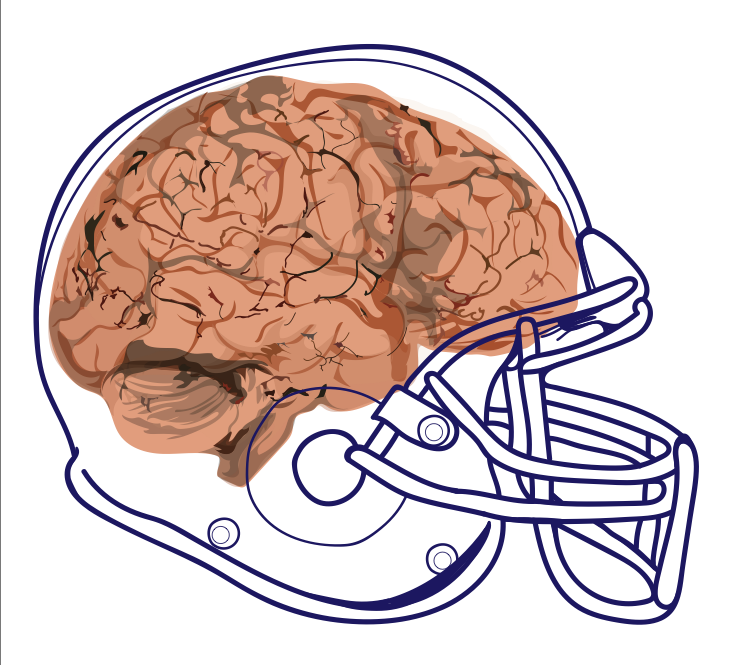 There are many risks in playing football while concussed. Graphic by Riley Lynch 18.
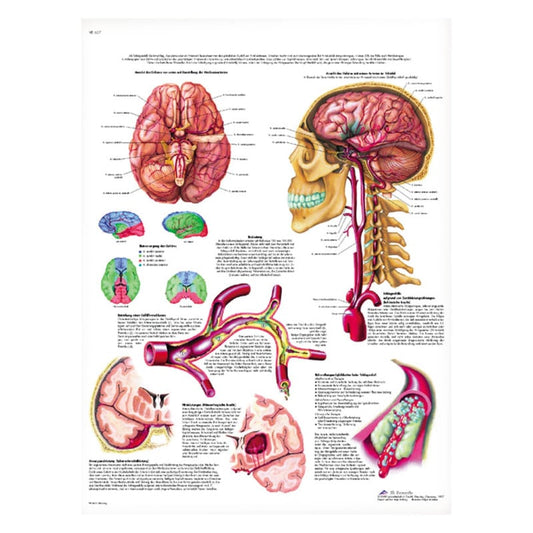 Stroke Wall Chart German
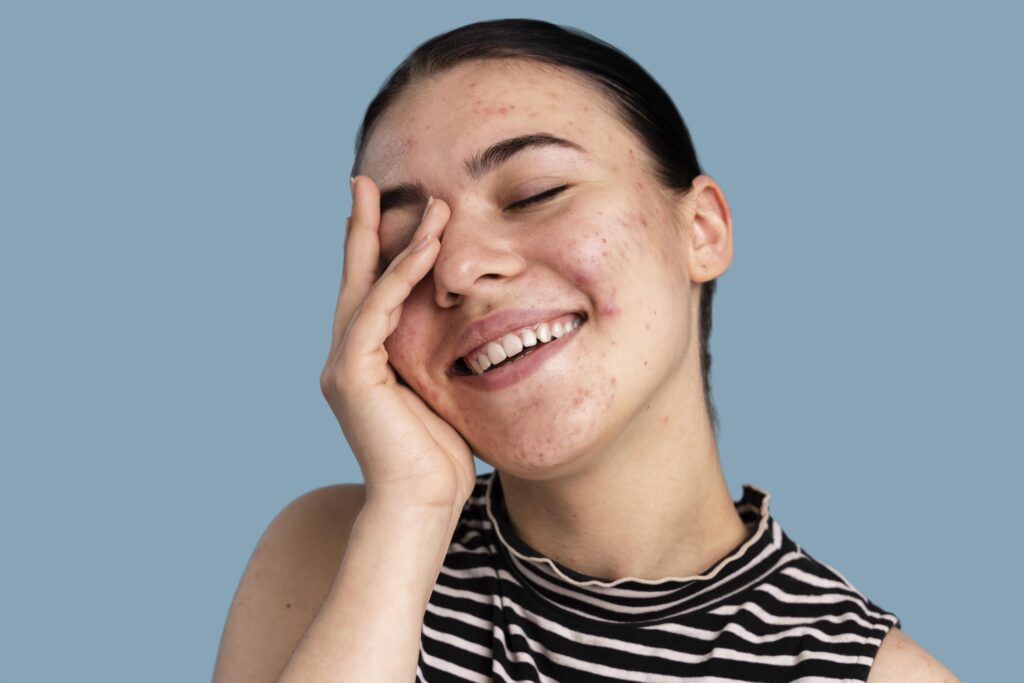 los jovenes y la medicina estetica preventiva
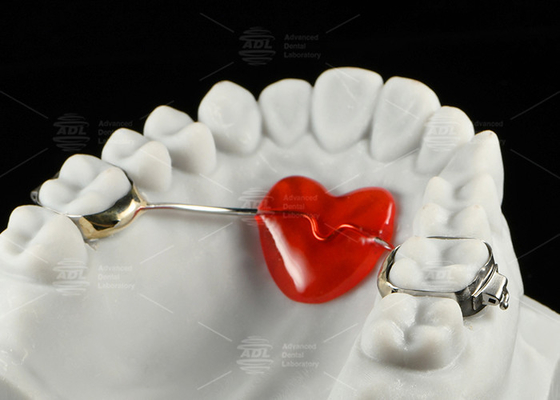 Stainless Steel Orthodontic Nance Appliance Horseshoe Design Orthodontic Appliances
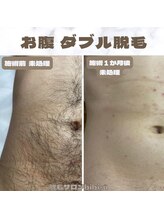 ビビユー(bibi u)/お腹ダブル脱毛ビフォーアフター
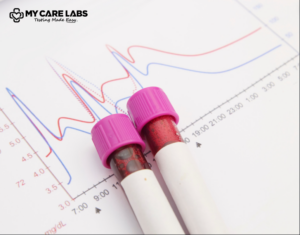 CRP Blood Test C-Reactive Protein Levels for Blood Analysis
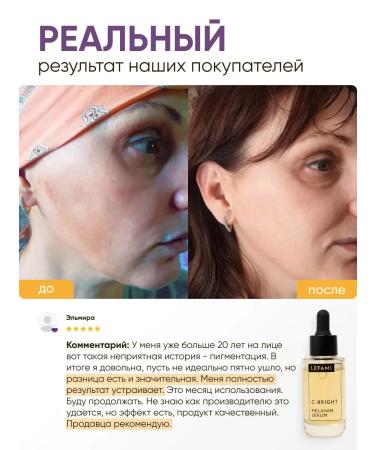 Lefami Serum for aligning the skin tone and post -acne - Buy Online on GoSupps.com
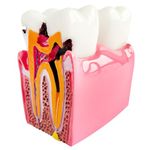 Dental Caries Teeth Model, 3.4 x 3 x 2 Inches - 6 Times Enlarged Dental Anatomy Education Tooth Model - Caries Teaching Typodont Tool for Dentists, Patients, Teachers, and Students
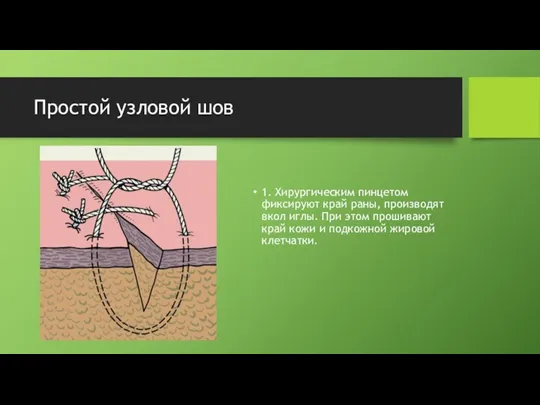 Простой узловой шов 1. Хирургическим пинцетом фиксируют край раны, производят вкол иглы. При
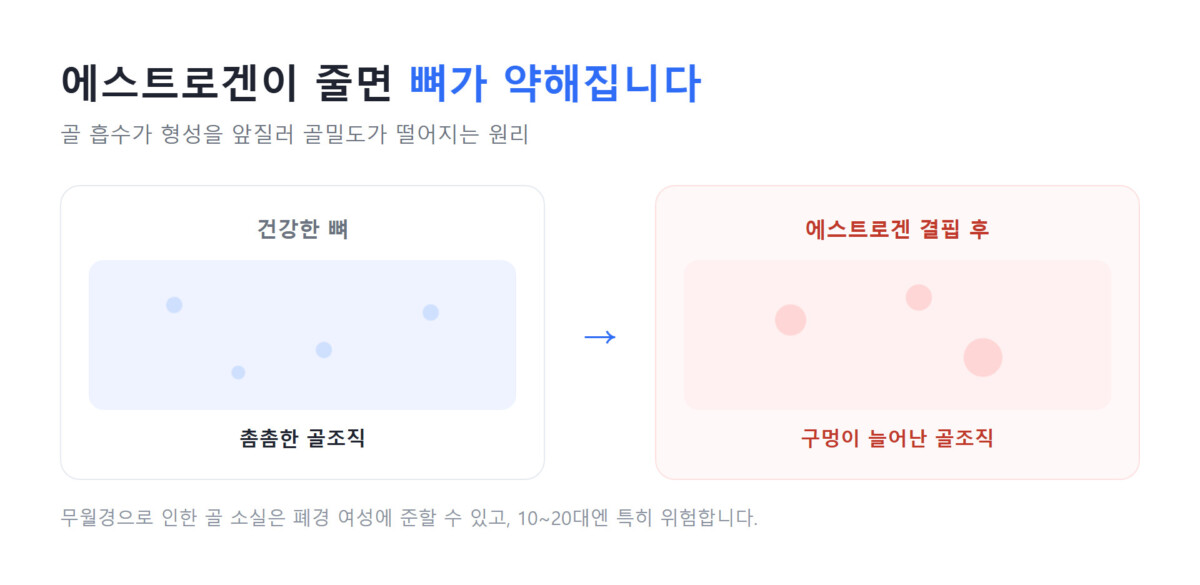 에스트로겐 저하에 따른 골밀도 감소 비교 도식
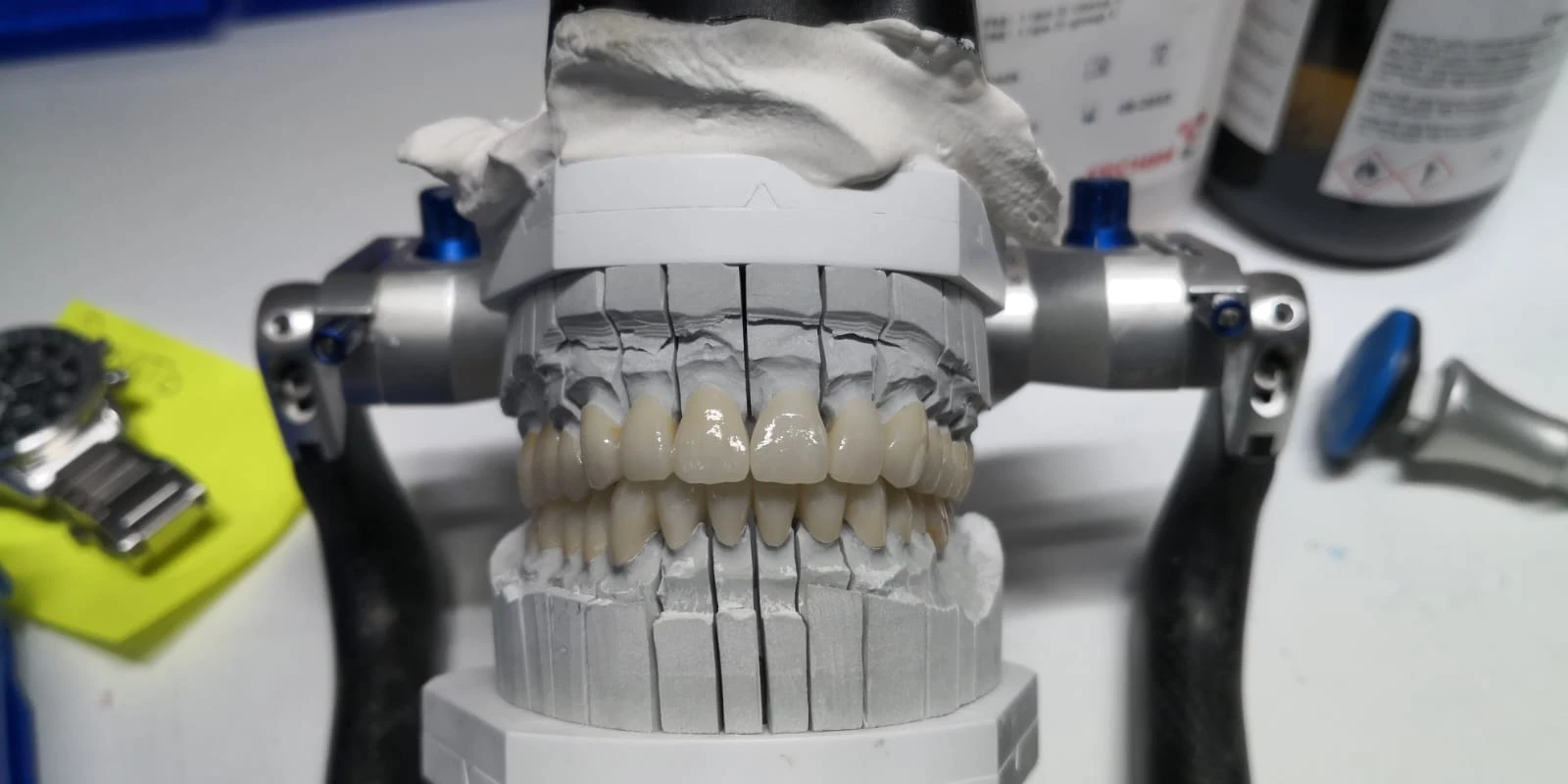 DB LAB 52 - LABORATORIO ODONTOTECNICO RICOSTRUZIONI E REALIZZAZIONE PONTI E CORONE DENTALI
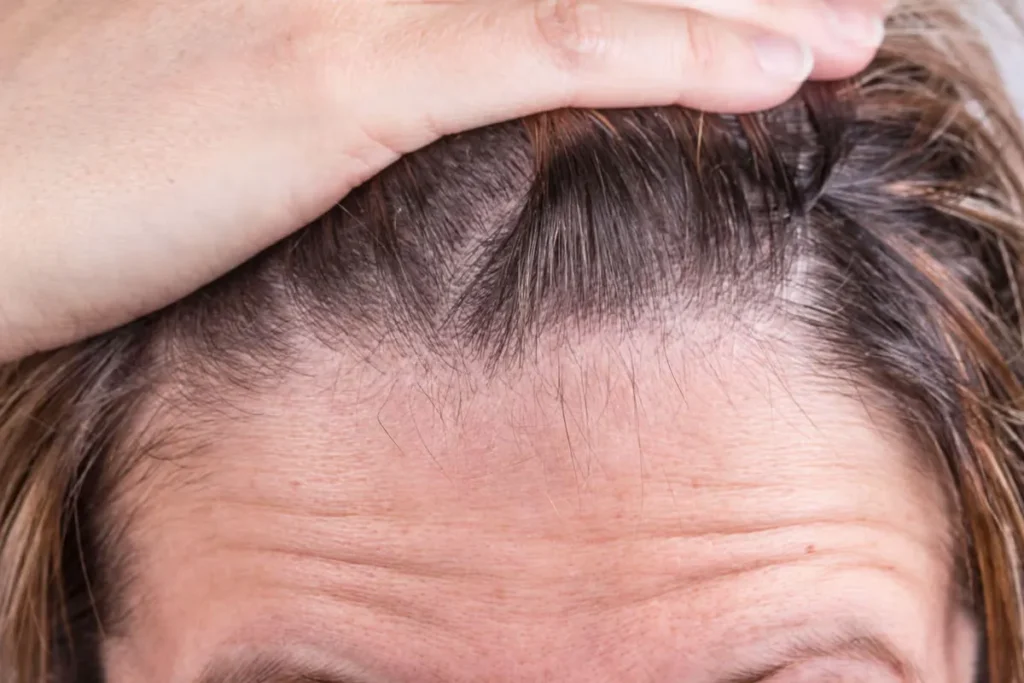 Understanding Hair Loss When Losing Weight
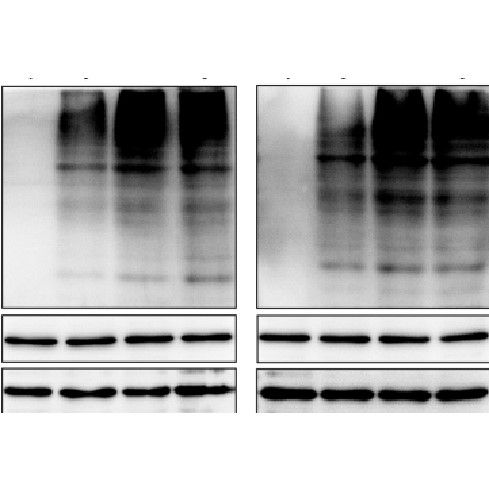 細(xì)胞CO-IP泛素化檢測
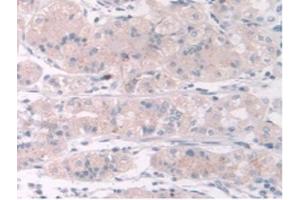IHC-P analysis of Human Stomach Tissue, with DAB staining. (TPMT 抗体  (AA 26-227))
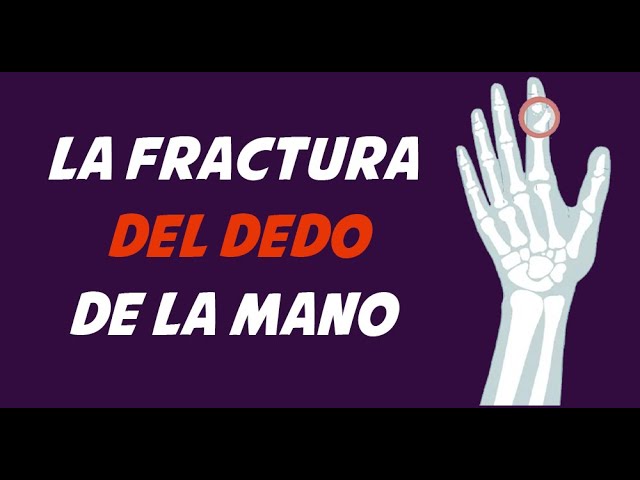 fractura de dedo de la mano
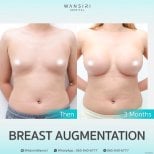 Before and after breast augmentation results at Wansiri Hospital, visible volume increase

——

Each entry needs to be retyped exactly; the pictures stay out.

 There are many risks in playing football while concussed. Graphic by Riley Lynch 18.
 Stroke Wall Chart German
 los jovenes y la medicina estetica preventiva
 Stainless Steel Orthodontic Nance Appliance Horseshoe Design Orthodontic Appliances
 ビビユー(bibi u)/お腹ダブル脱毛ビフォーアフター
 CRP Blood Test C-Reactive Protein Levels for Blood Analysis
 Lefami Serum for aligning the skin tone and post -acne - Buy Online on GoSupps.com
 Dental Caries Teeth Model, 3.4 x 3 x 2 Inches - 6 Times Enlarged Dental Anatomy Education Tooth Model - Caries Teaching Typodont Tool for Dentists, Patients, Teachers, and Students
 Простой узловой шов 1. Хирургическим пинцетом фиксируют край раны, производят вкол иглы. При
 에스트로겐 저하에 따른 골밀도 감소 비교 도식
 DB LAB 52 - LABORATORIO ODONTOTECNICO RICOSTRUZIONI E REALIZZAZIONE PONTI E CORONE DENTALI
 Understanding Hair Loss When Losing Weight
 細(xì)胞CO-IP泛素化檢測
IHC-P analysis of Human Stomach Tissue, with DAB staining. (TPMT 抗体  (AA 26-227))
 fractura de dedo de la mano
 Before and after breast augmentation results at Wansiri Hospital, visible volume increase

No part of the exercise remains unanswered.